The actual requirements under these headings would allow considerable freedom for schemes to continue to produce communications that they feel best suits them and their members. In fact, given that as proposed the wording of the principles merely adopts best communication practices, it is likely that many schemes already meet the standards.
Under the descriptors approach, the descriptors would be more detailed and therefore prescriptive than under the design principles approach. They would impose specific requirements applicable to all schemes in respect of length, structure and content, to address the questions for members that were considered key in the 2018 simplified template:
- How much money is in your pot?
- How much could you have when you retire?
- What can you do to give yourself more money in retirement?
Which is best?
Either of these “flexible” approaches could work in practice. There are valid arguments for both, based on a comparison of the benefits to members of more standardised output versus the ability to give more tailored messages. For schemes, there are also cost implications of each approach, which may affect preference. It seems likely however that further requirements at some level will be imposed on schemes.

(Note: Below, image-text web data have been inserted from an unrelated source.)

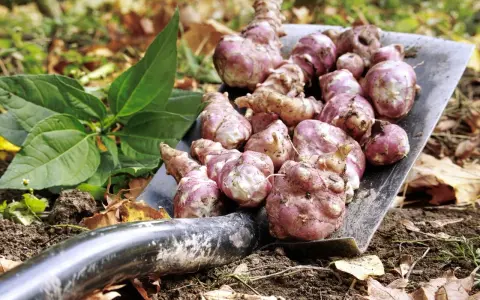 Une pelle remplie de légumes anciens tubercules, des topinambours fraîchement récoltés, prêts à être cuisinés.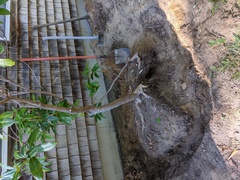 Image file: photo04.jpg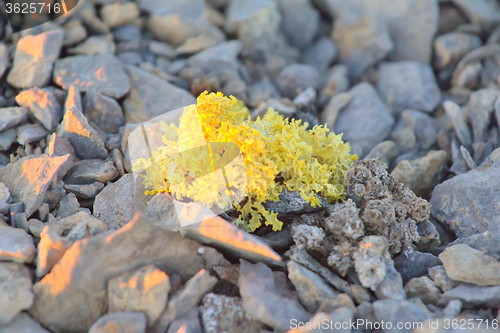 Image of bright poisonous lichen in polar desert. Novaya Zemlya archipelago .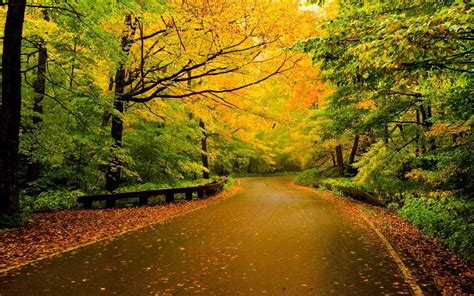 Pretty Autumn Road Hd Wallpaper Background Image 1920x1200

Many schemes, particularly smaller ones with fewer resources, would welcome more “official” input with examples of good quality member communication to follow. This would also give comfort that they were in step with industry “best practice”. However, given the diversity of schemes, it will also be important to ensure that any new requirements do not apply a “one size fits all” straightjacket across the whole industry. The limited take up of the 2018 template is at least in part a reflection of the need for flexibility.
Once the new requirements for annual benefit statements for DC schemes are settled, attention will turn to member communications at other stages of the journey from joining the scheme through to retirement – and possibly beyond. There will also be pressure to apply the final solution to the DB context. Such initiatives certainly have the potential to improve member benefits, but only if they allow an appropriate amount of freedom for individual schemes to reflect their own circumstances. Striking the right balance will be an ongoing challenge.